To Preserve Funds for Roads, Transit, Vote No on Prop. 6
The following is a summary of an Op-Ed piece by the Mercury News & East Bay Times Editorial Boards:
Governor Jerry Brown’s political opponents have gathered signatures to place an initiative on the November ballot that would overturn his gas and car tax increases. So, voters will have a say, after all, on the transportation funding plan (Senate Bill 1 — the Road Repair and Accountability Act of 2017.) But when they cast their ballots, they should side with Brown. They should uphold the increases by voting No on Proposition 6. Note that we said vote No. A ‘yes’ vote would overturn the transportation plan; a ‘no’ vote leaves it in place.
The plan, approved by the Legislature at Brown’s urging last year, will raise $5.1 billion annually by 2020 to help fix our deteriorating freeways and local streets and refurbish our commuter trains and buses. About two-thirds of the money goes to highways and roads, mostly for repairs and maintenance. The rest goes primarily to public transit operations and capital projects, and for improving congested transportation corridors.
The transportation plan increases gas taxes by about 18 cents a gallon, roughly 5 percent of the current cost, and registration fees by $25 to $175 annually, depending on the value of the vehicle. It’s reasonable to put the financial burden on those who drive for they use our streets and highways. Just as important, they should be encouraged through pricing mechanisms to seek environmentally friendly options, such as more fuel-efficient or zero-emission vehicles and public transportation.

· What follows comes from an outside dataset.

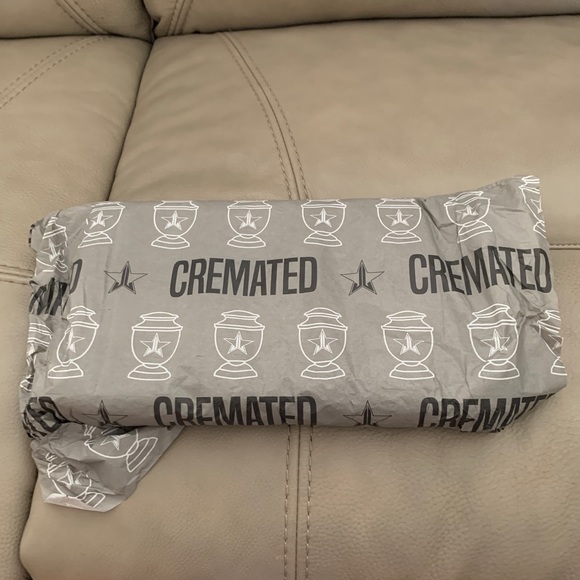 BNIB SOLD OUT Jeffree Star “Cremated” Eye Pallet🖤 - Picture 8 of 11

Another troubling part of Prop. 6 is that it would require a statewide vote for future tax or fee increases on vehicle fuel or registration. Backers of Prop. 6 want to raise the bar by requiring voter approval. Ironically, their use of the initiative system to put the issue on the ballot demonstrates that we already have sufficient checks on the Legislature and governor’s taxing authority. To now lock in voter approval for fuel and car tax increases is excessive. The two-thirds approval of the Legislature and initiative threat are enough. At some point, we need to let our lawmakers do their jobs. And if we don’t like what they’re doing, we should replace them.
So, in sum, Prop. 6 misses the mark on two counts: It reverses badly needed funding for roads and transportation, and it imposes unnecessary restrictions on future fuel and car taxes. For either or both reasons, voters should say No.